=== Task objective ===
Every record below should be repeated word for word, with the pictures left out.

=== Given entries ===
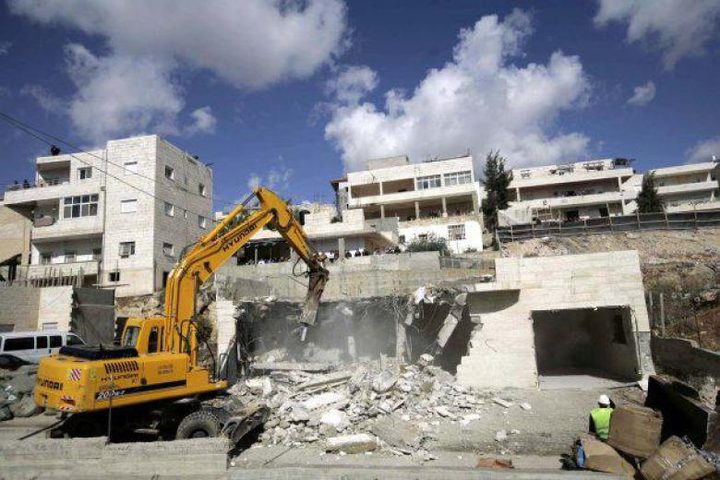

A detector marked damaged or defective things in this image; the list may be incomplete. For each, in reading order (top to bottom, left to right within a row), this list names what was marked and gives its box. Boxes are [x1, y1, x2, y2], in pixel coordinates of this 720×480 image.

broken concrete slab [324, 434, 376, 452]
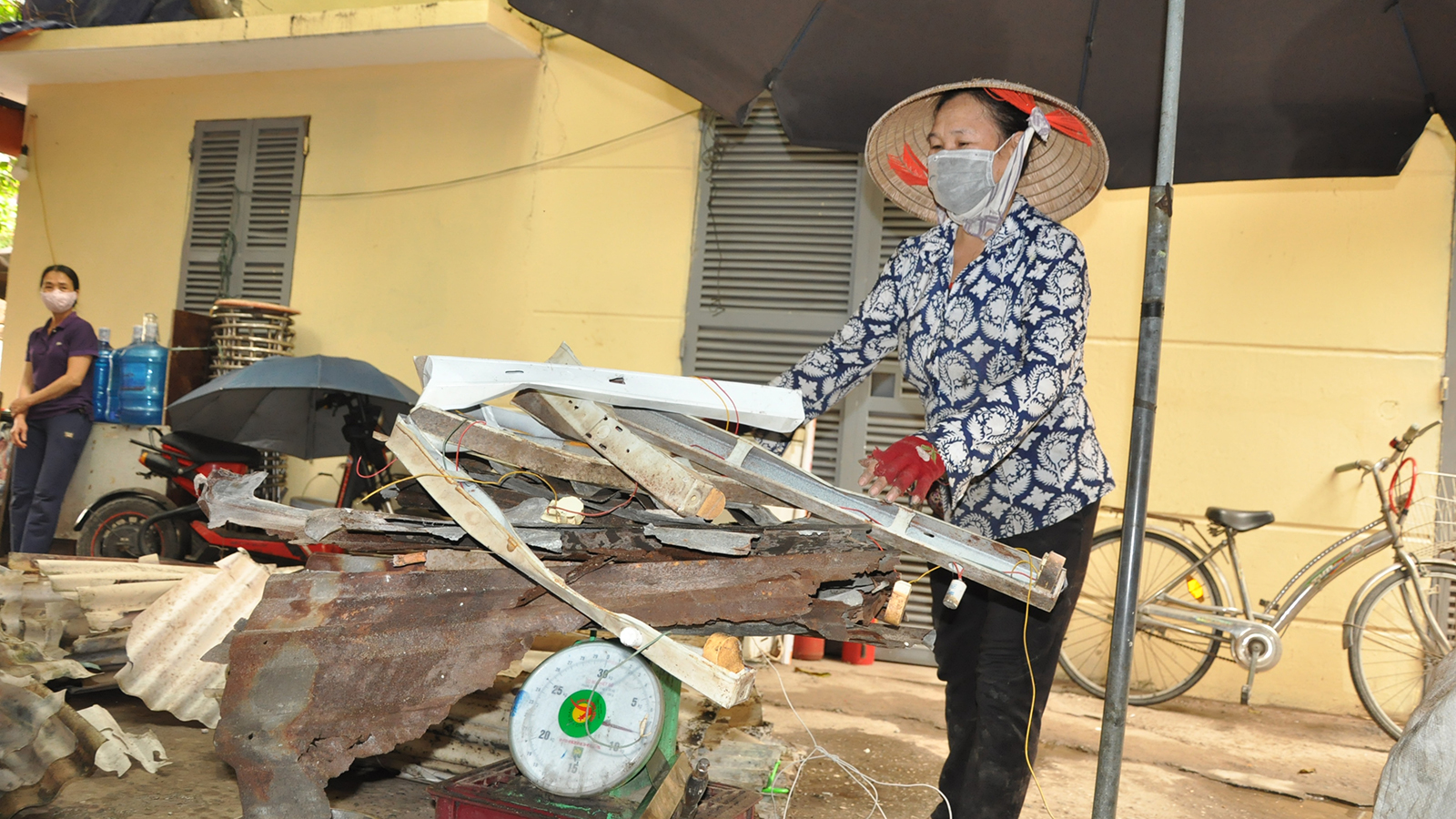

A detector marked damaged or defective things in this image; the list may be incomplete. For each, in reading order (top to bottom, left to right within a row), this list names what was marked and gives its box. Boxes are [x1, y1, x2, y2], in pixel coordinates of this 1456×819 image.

rusty corrugated metal sheet [116, 551, 273, 723]
rusted metal beam [218, 539, 896, 810]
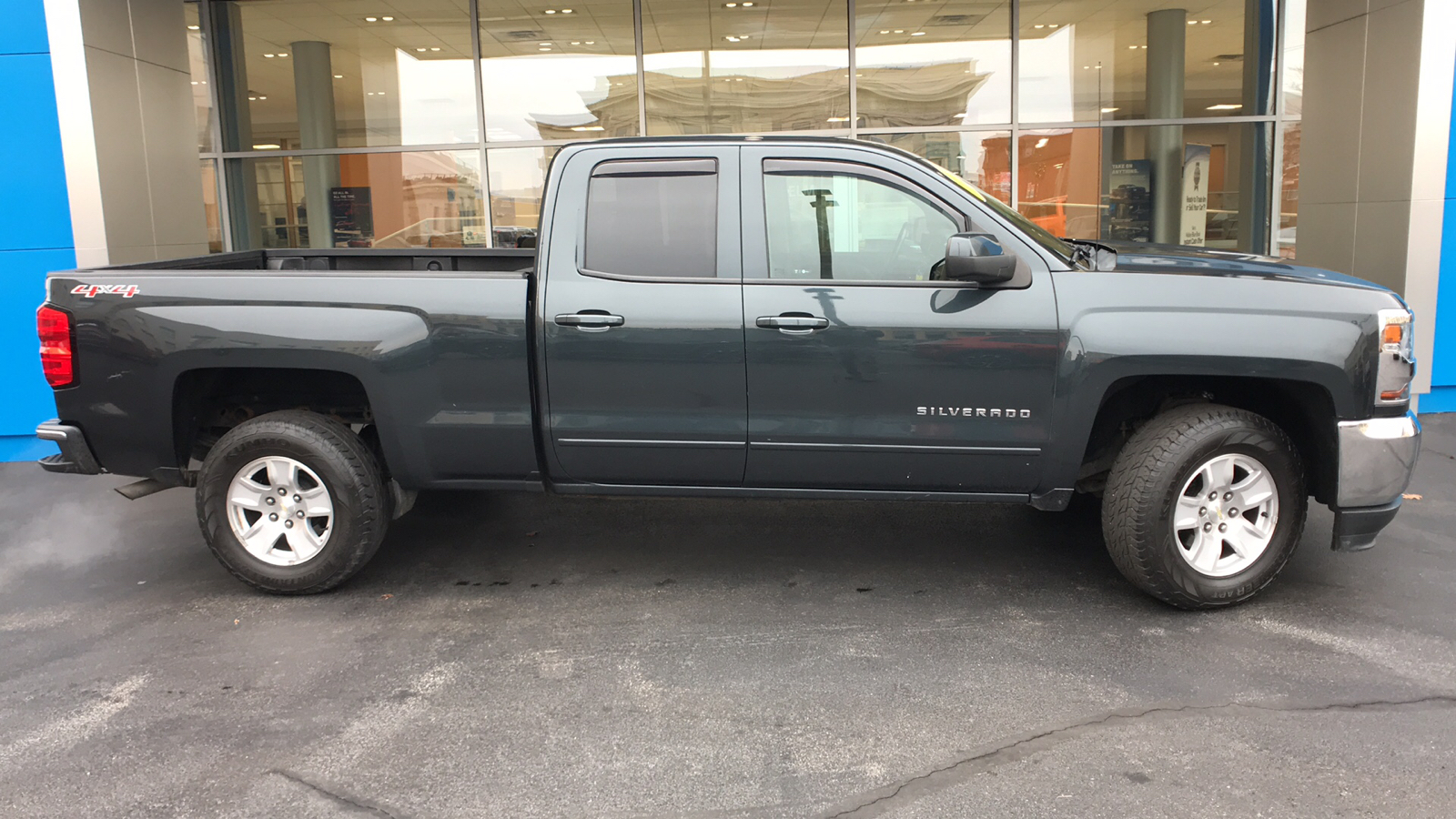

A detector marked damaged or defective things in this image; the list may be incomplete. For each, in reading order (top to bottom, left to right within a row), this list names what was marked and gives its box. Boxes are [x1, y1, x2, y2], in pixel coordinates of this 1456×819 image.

crack in pavement [270, 769, 408, 810]
crack in pavement [821, 687, 1456, 815]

=== Finished exercise ===
A detector marked damaged or defective things in this image; the list may be incomplete. For each, in reading order (top to bottom, left to right within a row), this list names what was marked and gives its box. Boxes are [x1, y1, x2, y2], in pixel coordinates of this 720×480 image.

broken concrete slab [324, 434, 376, 452]

A detector marked damaged or defective things in this image; the list may be incomplete. For each, in reading order (top to bottom, left to right within a row), this list names what was marked and gives its box. Boxes are [x1, y1, x2, y2], in pixel coordinates of this 1456×819 image.

rusty corrugated metal sheet [116, 551, 273, 723]
rusted metal beam [218, 539, 896, 810]

A detector marked damaged or defective things in this image; the list may be incomplete. For each, in reading order (top to bottom, left to right within a row), this list names what was marked and gives its box. Boxes are [x1, y1, x2, y2], in pixel coordinates of this 1456×819 image.

crack in pavement [270, 769, 408, 810]
crack in pavement [821, 687, 1456, 815]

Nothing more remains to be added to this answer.